The Hard Reality of Low Production Numbers

A recent analysis of loan officer performance for a mid-Atlantic state in 2016 revealed shockingly low production numbers. According to the data, the state had approximately 9,000 originators but only 300 originators produced $10 million in annual volume. In the past, $10 million in annual volume was not considered exemplary performance but in a refinance-driven year, many originators cannot even seem to reach that production level. Of course, many of the originators could have been producing managers, processors or part-timers and may not have actually originated, but the fact remains that 3% or a very small number of originators are generating $850,000 monthly volume or more. This data is unsettling to say the least. What does this mean as the mortgage marketplace shifts to purchase money with interest rates on the rise?

Since refinancing will inevitably be a smaller portion of the marketplace in 2017, many sales teams will be in for a tough time in the new year. Senior managers will need to determine whether low production is rooted in originators who lack consultative selling skills or those who lack the innate sales talent needed to succeed. While skills-deficient producers can benefit from sales training, originators without sales talent should be replaced or moved into other positions. In my view, addressing the sales talent issue is priority number one for all sales organizations.

So what are the most common reasons companies are not addressing mediocre or underperformers? In my sales consulting practice, here are the scenarios I frequently encounter:

• The decade-long refinance environment has enabled companies to delay facing tough decisions and enforcing performance standards that would generate a profit. Many companies have performance standards but never enforced them because the need for warm bodies to handle the refinance volume was so urgent. As a result, a refinancing marketplace has masked order-takers where producers appear to be matched to self-sourcing but really are not. Order-takers spend time with daily pipeline management tasks but will not prospect for new business, even if they are provided with training. Managers who fail to admit that a producer is not a match for a position will pay the price in the long run in terms of lost referral business and revenue.

• The false belief or justification that a new CRM or better products will prompt experienced but underperforming originators to boost production. This is wishful thinking that rarely happens because the core issue is caused by the individual’s lack of sales talent, not external circumstances or factors. I like to call this the “Jay Cutler complex.” Jay Cutler, the Chicago Bears quarterback, has been recognized by many as overrated when you look at his performance numbers, but he is paid like a top-tier quarterback. I think too often when managers evaluate sales talent, their emotions dominate because they want the new employee to succeed but they are not objective and are afraid to be tough in the interviewing process.

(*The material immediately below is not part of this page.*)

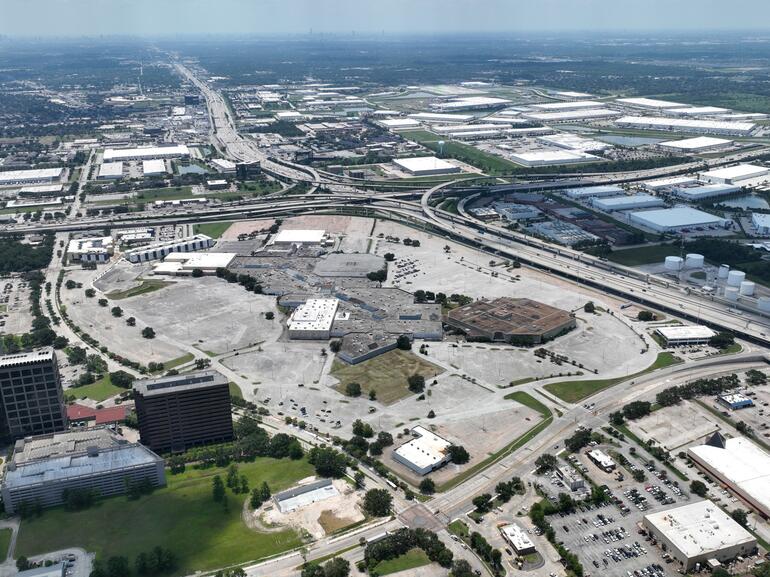 CityNorth Industrial Park redevelopment in Houston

• Finally, the lack of willingness to accept or recognize that large sales forces with uneven messaging and performance results are the biggest roadblock to meeting customer demands in the new marketplace. The trend line is clear that smaller but better quality sales teams should be the new mantra at every company. Creating a better sales force requires an investment in sales and management training as a minimum. It requires rookie salespeople who can use technology and are willing to follow a structured sales process. The change to smaller staffs has been seen in other industries, especially communications and technology but has not been widely accepted in mortgage banking. Why? Many believe their sales force is “not broken so why fix it”; “it has always been done this way;” or “time is on our side.”

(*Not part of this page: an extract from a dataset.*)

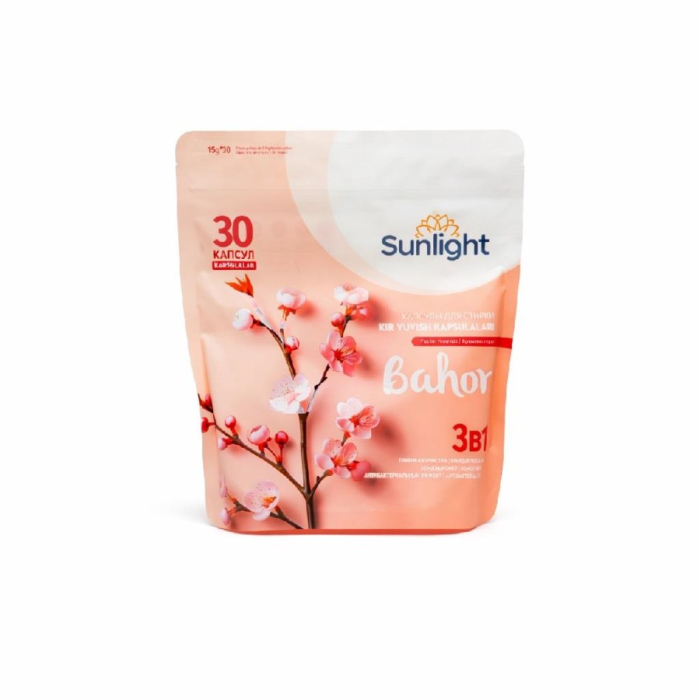 Капсулы SUNLIGHT (шт)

Just look at the recent Macy’s store closings where the retail giant is finally admitting that Amazon has changed retail space forever. Macy’s has tried to play catch-up by making incremental changes but obviously they have not been enough.  Mortgage banking is in a similar situation where the future is evident. Quicken’s phenomenal rise to the top in market share and customer satisfaction by structuring each part of the sales process is the winning strategy. Quicken’s biggest claim to fame is that they leave nothing to chance in the sales process. Their originators must contact a lead within a certain timeframe are they won’t be working there. A lender who thinks a laissez faire sales force strategy will continue to be successful is dreaming. Customers have spoken: they want to see appropriate options for them presented by knowledgeable salespeople; they want to be updated in the mode of communication tools they use and they want continuing advice on their largest investment — their home.

Is your sales force up to the challenge of prospecting for today’s customers and referral sources? The hard decisions need to be made this year as the marketplace is changing rapidly.